Chronotropic Effects of Cytokines and the Nitric Oxide Synthase Inhibitor, L-NMMA, on Cardiac Myocytes

Abstract

We and others have proposed that cytokine-stimulated nitric oxide (NO) production is responsible for reversible myocardial depression in sepsis, trauma and ischemia. An effect of NO on cardiac sarcolemmal L-type calcium channels has also recently been proposed. The spontaneous beating rate of neonatal cardiac myocytes is regulated by the sarcolemmal L-type calcium channel.

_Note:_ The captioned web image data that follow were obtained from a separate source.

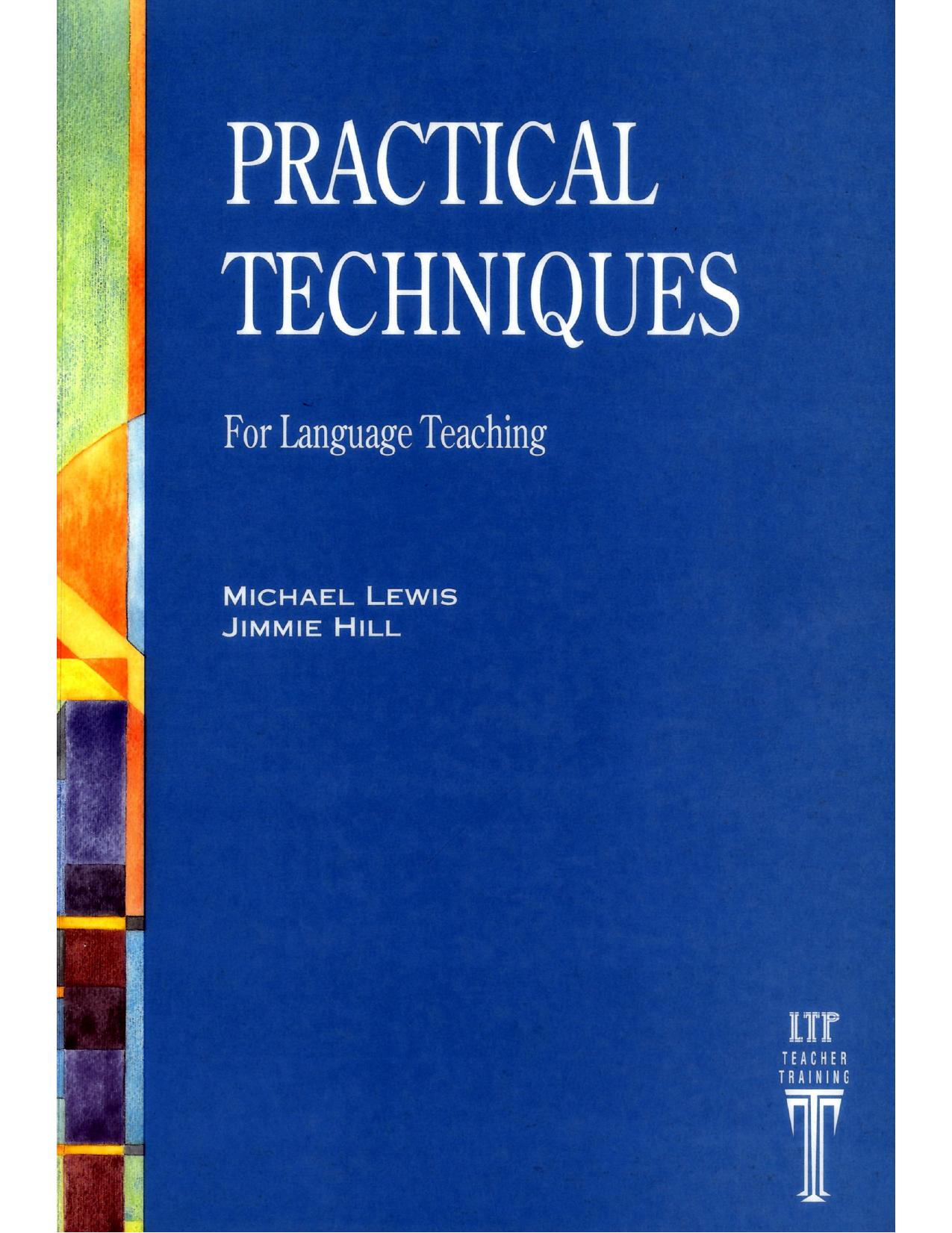 Practical Techniques for Language Teaching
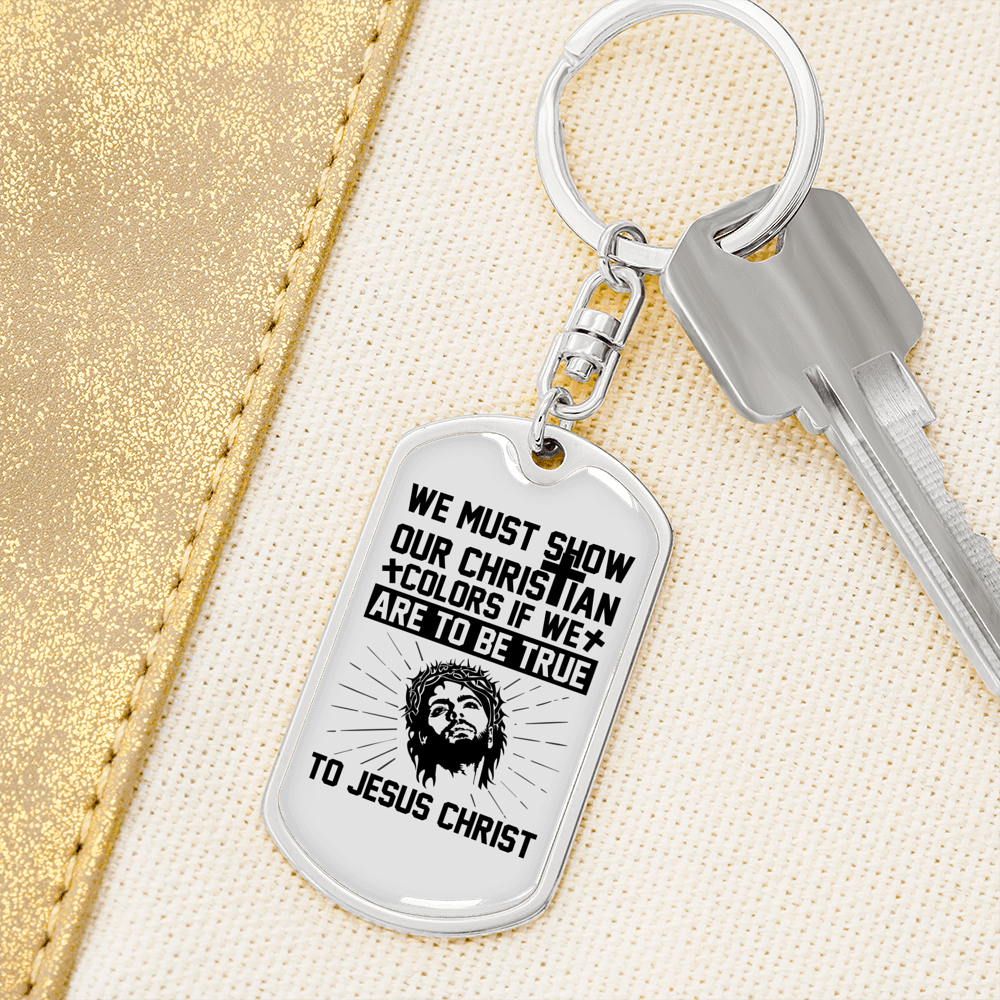 Show Our Christian Colors Keychain Stainless Steel or 18k Gold Dog Tag Keyring-Express Your Love Gifts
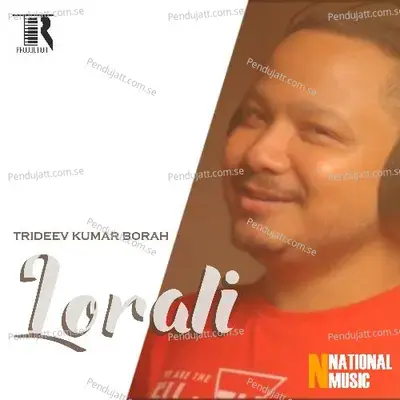 Lorali - Trideev Kumar Borah album cover 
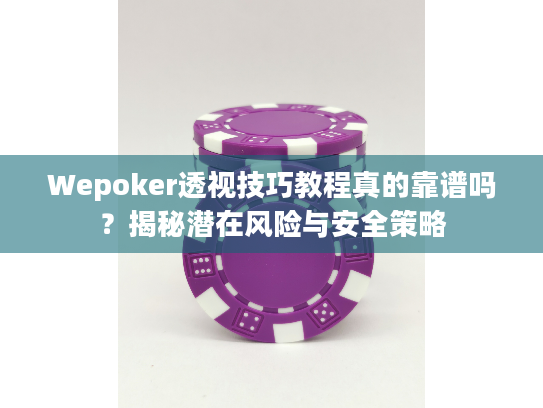 Wepoker透视技巧教程真的靠谱吗?揭秘潜在风险与安全策略 Wepoker透视技巧教程真的靠谱吗?揭秘潜在风险与安全策略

Accordingly, we sought to determine if cytokine-stimulated NO production could also regulate beating rates of neonatal cardiac myocytes. Treatment of neonatal rat cardiac myocytes with TNF, IL-1, IL-6, 10 −5M NMA, or 10 −3M NMA significantly enhanced spontaneous beating rates compared to untreated myocytes in serum-free media for 48 hours (p≤.01; n = 12 for each). Only IL-1 treatment resulted in significant nitrite levels vs. control over 48 hours (4.2 ± 0.7 vs. 0.3 ± 0.2 nmoles/1.25×10 5 cells, respectively) (n = 12). Nitrite production by IL-1 was inhibited by 10 −3M NMA but not 10 −5M NMA (0.3 ± 0.2 vs. 4.1 ± 0.6 nmoles; p<.01; n=12). The addition of 10 −5M NMA to TNF, IL-1, and IL-6 did not alter the effect of the cytokines on the spontaneous beating rates of the cardiac cells (p≤.01 n = 12 for each). These results strongly suggest that cytokines and NMA affect cardiac myocyte spontaneous beating rates through mechanisms independent of NO.